Procedure InitDeltaSigA2D() is
VRCON=0b11101100 --    0xEC
CMCON=0b00000110   -- 0x06 two common ref comps with outputs
end procedure

;
; Delta Sigma A2D
; The below contains a lot of nops and goto next instruction. These
; are necessary to ensure each pass through the Elop1 takes the same
; amount of , no the path through the code.
;
Procedure DeltaSigA2D() is
assembler
         LOCAL    elop1,comphigh,complow,eat2cycles,endelop1,eat5cycles,exit1
--DeltaSigA2D
        clrf counter1
        clrf counter2
        clrf result_l
        clrf result_h
        movlw 0x03 ; set up for 2 analog comparators with common reference
        movwf cmcon
elop1:
        btfsc c1out ; is comparator high or low?
--        btfsc cmcon,c1out ; is comparator high or low?
        goto complow ; go the low route
comphigh:
        nop ; necessary to timing even
        bcf porta,3 ; porta.3 = 0
        incfsz result_l,f ; bump counter
        goto eat2cycles ;
        incf result_h,f ;
        goto endelop1 ;
complow:
        bsf porta,3 ; comparator is low
        nop ; necessary to keep timing even
        goto eat2cycles ; same here
eat2cycles:
        goto endelop1 ; eat 2 more cycles
endelop1:
        incfsz counter1,f ; count this lap through the elop1.
        goto eat5cycles ;
        incf counter2,f ;
        movf counter2,w ;
        andlw 0x04 ; are we done? (we're done when bit2 of
--        btfsc status,_z ; the high order byte overflows to 1).
        btfsc Z --status,z ; the high order byte overflows to 1).
        goto elop1 ;
        goto exit1
eat5cycles:
        nop  -- this really seems to hate the goto $+1, keeps resetting.
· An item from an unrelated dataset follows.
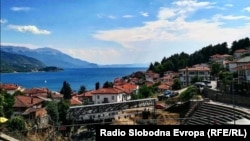 Античкиот театар во македонскиот град Охрид, во близина на Стариот град. Во 1979 година УНЕСКО го прогласи Охридското Езеро за светското наследство според природните критериуми.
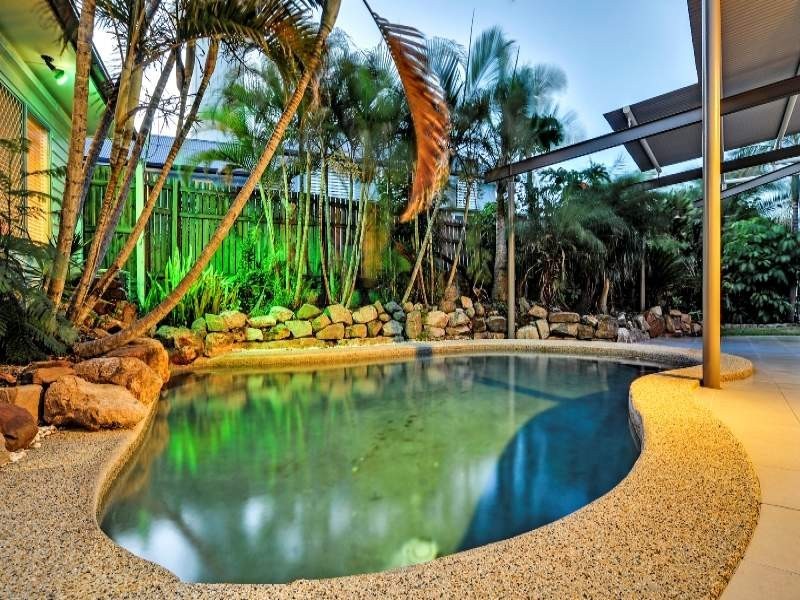 8 Tower Street, Eastern Heights QLD 4305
I am not so short of code space, case to be made to turn everything into nops
        nop
        --goto +1 ; more wasted time to keep the elop1s even
        nop ;
        goto elop1 ;
exit1:
        movlw 0x06 ; set up for 2 analog comparators with common reference
        movwf cmcon
end assembler
end procedure

function rescale(WORD IN value) RETURN WORD is
-- 1024 corresponds to 5V
-- multiply by 50000/1024 (~49)
var word temp =value*49
temp=temp/100 -- now lose excess precision
return temp

end function

InitDeltaSigA2D()

print_string(serial_hw_data,booted)

forever loop
DeltaSigA2D()
result=word(result_h)*256 + word(result_l) -- you must explicity make result_h a word as described on p11 of JAL manual
result=rescale(result)
format_word_dec(serial_hw_data, result, 3, 2)
serial_hw_data = " "
serial_hw_data = 13 -- CR
serial_hw_data = 10 -- LF
delay_1ms(500)   -- this is purely to allow the terminal display to catch up and not overload buffer of the slow device
end loop

Files

adc_test_16f628_v03.jal

and the hex file

adc_test_16f628_v03.hex

There’s a case to be made for using a voltage reference and setting it to be some convenient power of 2 like 2.05 V to save all the messy integer calculation in rescale

This is a video of the display on the serial port compared with a multimeter on the input, connected to a 5k pot between 0V and +5V. I should have moved the control a bit slower to allow the 0.5s sampling to catch up at times, but it shows it is reasonably accurate.